Я ускорил шаг и с трудом успел заметить, как мелькнули длинные полы его сюртука, когда Раффлс повернул направо, в еще более темный переулок, вымощенный плитками. Он вновь распрямился и шел быстрой походкой молодого человека. Кроме того, весь его внешний облик каким-то чудесным образом преобразился, стал менее отталкивающим. Однако данную метаморфозу я имел честь лицезреть в полном одиночестве, так как переулок был совершенно пустынен и очень темен.
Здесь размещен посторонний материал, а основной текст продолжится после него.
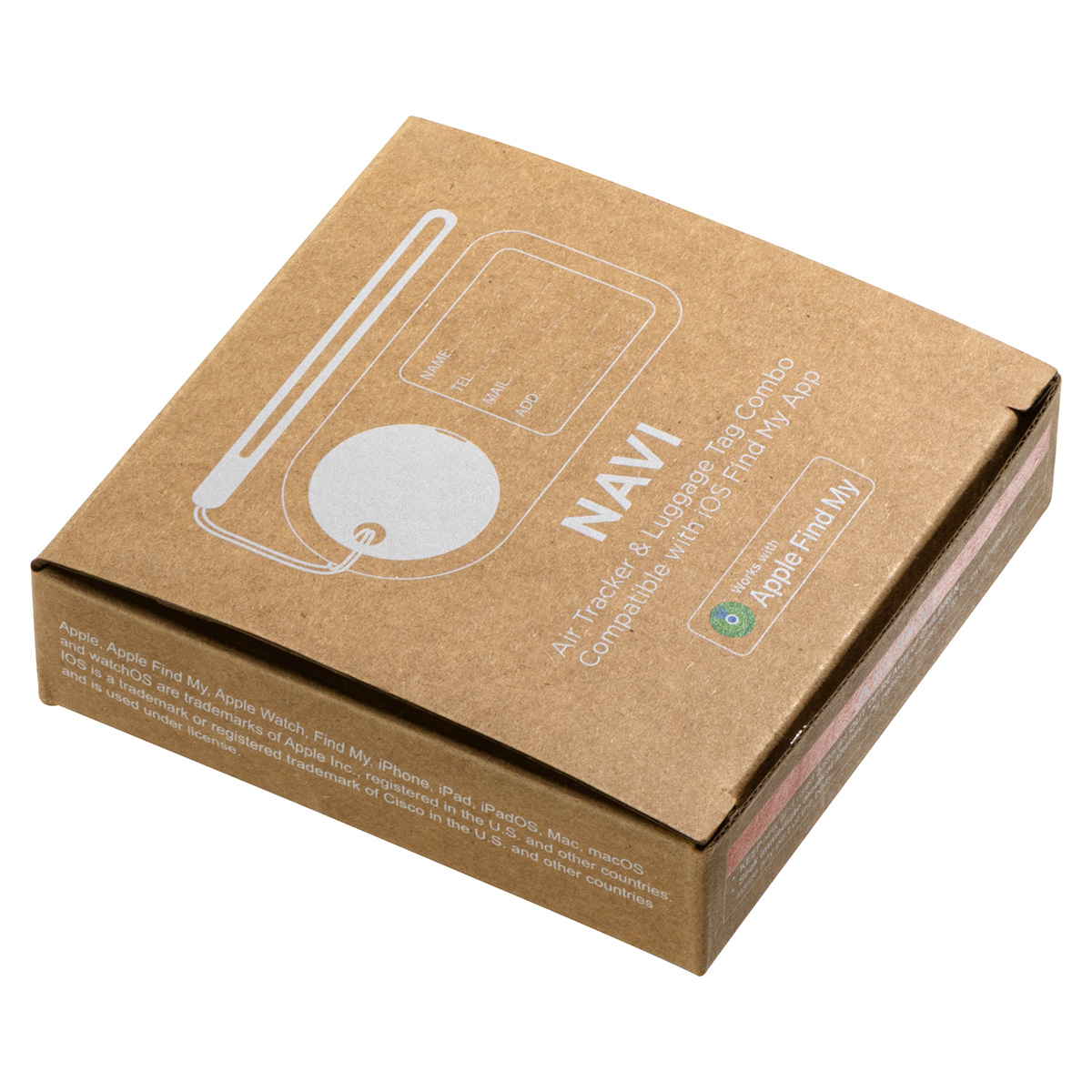 Navi Air Tracker & Luggage Tag Combo Compatible with iOS Find My App 5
В дальнем конце переулка Раффлс открыл ключом дверь и распахнул ее, обнажая черноту еще более темного помещения.
Я инстинктивно отпрянул назад и услышал его довольный смех. Разглядеть друг друга в темноте мы уже не могли.
— Все в порядке, Кролик. На сей раз без какого-либо подвоха. Перед вами, мой друг, художественные мастерские, одну из них я арендую на вполне законных основаниях.
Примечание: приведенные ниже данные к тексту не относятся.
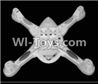 SongYang toys X19 Parts-11 Bottom shell cover,Bottom canopy For the SY X19 UFO X-19 RC Quadcopter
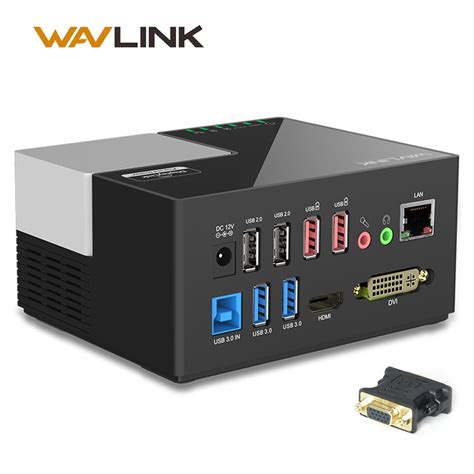 Wavlink USB 3.0 Universal Laptop Docking Station for Windows (Dual ...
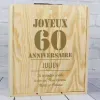 Cadeaux avec le nom: Caisse &agrave; vin anniversaire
И действительно, вскоре я разглядел комнату с очень высоким застекленным потолком. Помимо платяного шкафа здесь имелось несколько мольбертов, а также прочих принадлежностей художника. К тому же мастерская была оборудована специальным подиумом. Чего здесь не хватало, так это каких-либо признаков творческого процесса. Когда Раффлс зажег газовый светильник, первым, что мне бросилось в глаза, был шелковый цилиндр, матово поблескивавший рядом с остальными предметами его повседневного костюма.
— Ищешь произведения искусства? — подмигнул, закуривая, Раффлс. Он стал сбрасывать с себя свои лохмотья. — Боюсь, что тебе ничего не попадется. Однако, видишь, вот натянутый холст, над которым я все время собираюсь начать работу. Я сообщаю окружающим, что пока ищу повсюду подходящую для меня натуру — почти идеальную модель. В принципе это помещение протапливается дважды в неделю. Я заглядываю сюда, просматриваю газету-другую, выкуриваю несколько сигарет марки «Салливан». До чего же они вкусны после этой махорки! Между тем я исправно плачу и во всех отношениях представляю превосходного жильца. Даже в настоящее время это полезный маленький pied-`a-terre [2] , не говоря уже о том, сколь необходим он может быть в экстренной ситуации. Как бы там ни было, вы заходите сюда в колпаке, выходите в цилиндре, и никто ни в том, ни в другом случае не обращает на вас ни малейшего внимания. Более того, весьма велики шансы, что в столь позднее время во всем доме, кроме вас, нет ни души.
2
Плацдарм (франц.).
— Ты никогда не говорил мне, что прибегаешь к переодеваниям, — сказал я, наблюдая за тем, как он очищал от грима свое лицо и руки.
— Да, Кролик, я кругом не прав, так как обращался с тобой не совсем красиво. Не имелось никакой реальной причины, чтобы не показывать тебе этого убежища в течение целого месяца. Однако не было также и никакой настоятельной необходимости поступать иначе. И потом, если рассуждать чисто теоретически, то вполне возможно, что обстоятельства сложатся так, что для нас обоих было бы лучше, чтоб ты вообще не имел ни малейшего представления о моем местонахождении. Как видишь, в случае нужды мне есть где переночевать, и, разумеется, здесь, на Кингс-роуд, меня зовут совсем не Раффлсом. Но только в этом случае ты поймешь, что следовало бы довольствоваться тем, что имеешь и что знаешь.